Le Festival Jardins Synthétiques arrive pour sa septième édition. Comment est né le projet ?

Pierric : Le Festival est né en 2 temps. Le premier, la création d’une association avec Bastien et d’autres personnes : Call Forth. On mixait et on voulait se développer, on avait un duo qui s’appelait Clump of Trees. C’était en 2008.
Dans un second temps, on a eu l’envie de faire des trucs dans des lieux un peu décalés. De là, j’ai ressorti un projet que j’avais travaillé et que j’avais déjà tenté avec la Mairie : faire des événements modernes dans des lieux de patrimoine.

Comme la Chapelle des Carmélites que vous investissez pour le Festival !

Pierric : Oui, à l’époque il y avait aussi le Palais des Beaux-Arts, la grande pièce principale d’exposition, une salle blanche haut de plafond. Le projet, pas assez mature, avait été retoqué.
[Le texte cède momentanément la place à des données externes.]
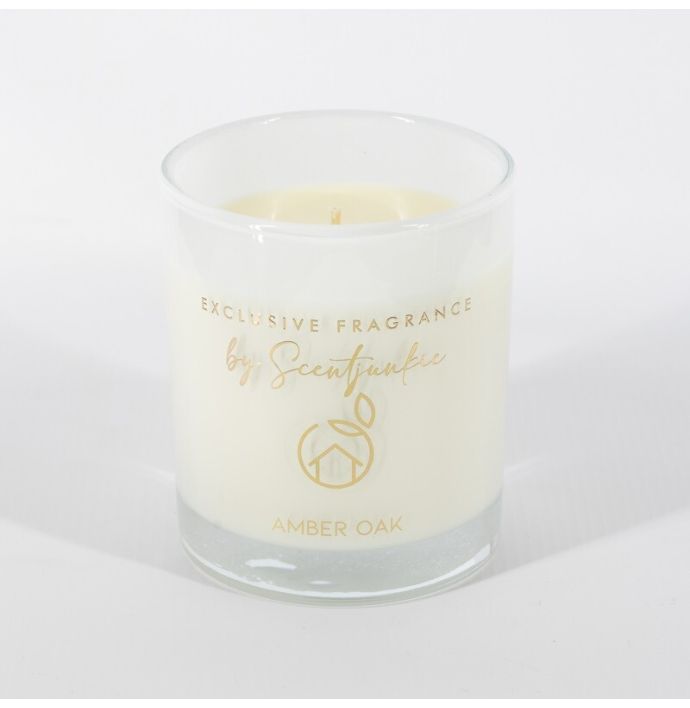 Geurkaars 'Amber oak'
C’est quelque chose que j’ai retravaillé, remis à la sauce du jour avec des acteurs culturels du moment sur qui je pouvais m’appuyer : en parallèle, je menais une émission de radio hebdomadaire, Underground Connexion, sur Campus et même avant sur Booster qui renait de ses cendres avec FMR. Dans cette émission j’interviewais des collectifs, des DJ locaux et il y avait des chroniqueurs arts contemporains, musiques électroniques et un peu de danse. Ces artistes ont fait partie du premier projet, c’était Laurent Bardèche du label “Annexia”. On avait déjà l’idée de faire quelque chose avec le Lieu Commun mais on n’avait pas réussi à cette époque-là. C’était donc la première édition du festival Jardins Synthétiques.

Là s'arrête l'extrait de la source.